Pittsburgh Landmark – PHLF
- Designated: 2002

= Byham Theater =

Theater and movie theater in Pittsburgh, Pennsylvania

The Byham Theater is a landmark building at 101 Sixth Street in the Cultural District of Downtown Pittsburgh, Pennsylvania, United States. Originally built in 1903 as The Gayety Theater, the former vaudeville house was renovated and reopened as The Byham Theater in 1990.

Built in 1903 and opened Halloween night 1904, the then-named Gayety Theater was stage and vaudeville house, and it featured stars such as Ethel Barrymore, Gertrude Lawrence, and Helen Hayes. It was renamed The Fulton in the 1930s when it became a full-time movie theater. The classic horror film Night of the Living Dead, which was filmed in and around Pittsburgh, had its world premiere at the Fulton in 1968. In 1990 the Pittsburgh Cultural Trust bought the theater and refurbished the Fulton as part of its plan for the Cultural District. Carolyn M. Byham and William C. Byham of Pittsburgh made a major naming gift for a 1995 renovation, and it has been the Byham Theater since.

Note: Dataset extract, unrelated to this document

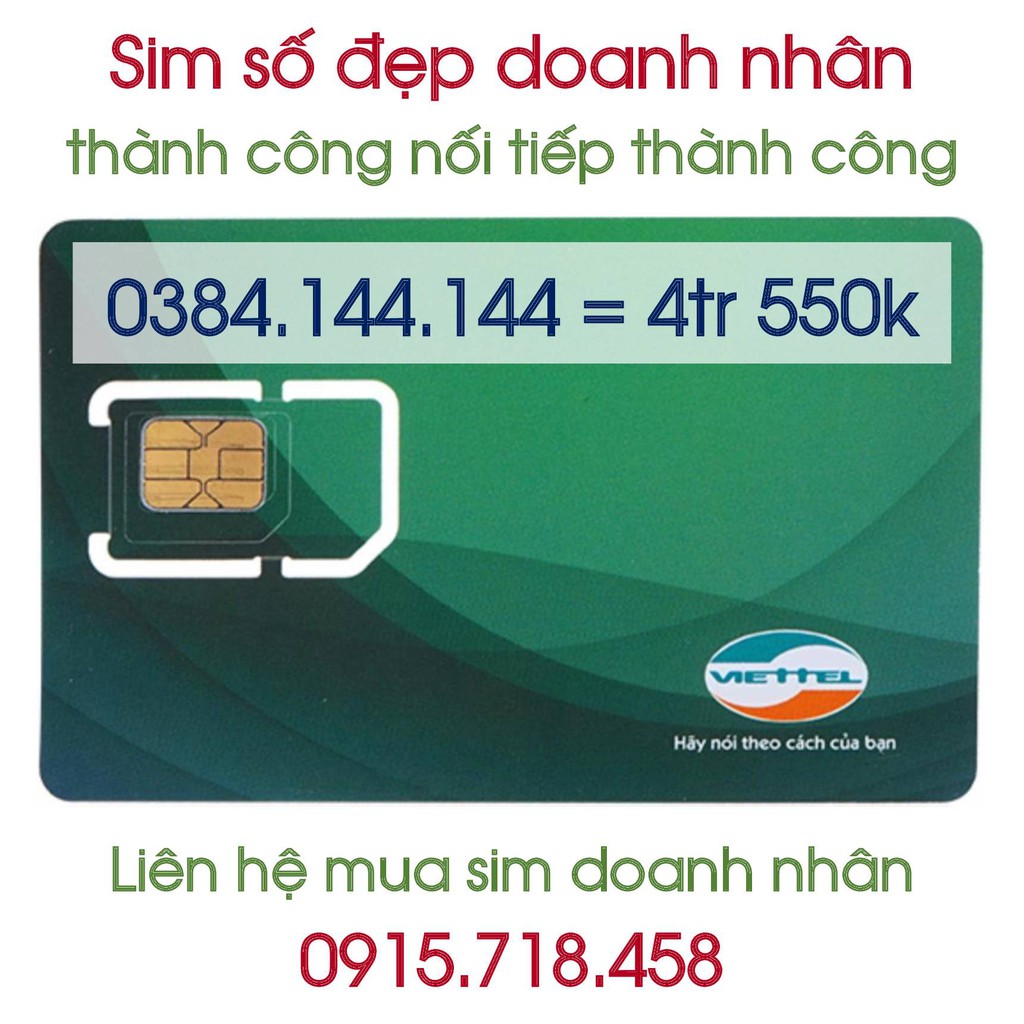 Sim số đẹp doanh nhân taxi 3 bánh Viettel 0384.144.144 phôi 3G giá rẻ nhất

==1960 World Series Game Seven==
For the 50th anniversary of the Bill Mazeroski's series winning home run, the first public showing of the Game 7 tape discovered in December 2009 was hosted by Bob Costas at the theater on November 13, 2010 at 6 p.m. Mazeroski was joined by Pirate MVP Dick Groat and former Yankee Bobby Richardson to be interviewed during the showing of the game. MLB Network then telecast the game and interviews nationally.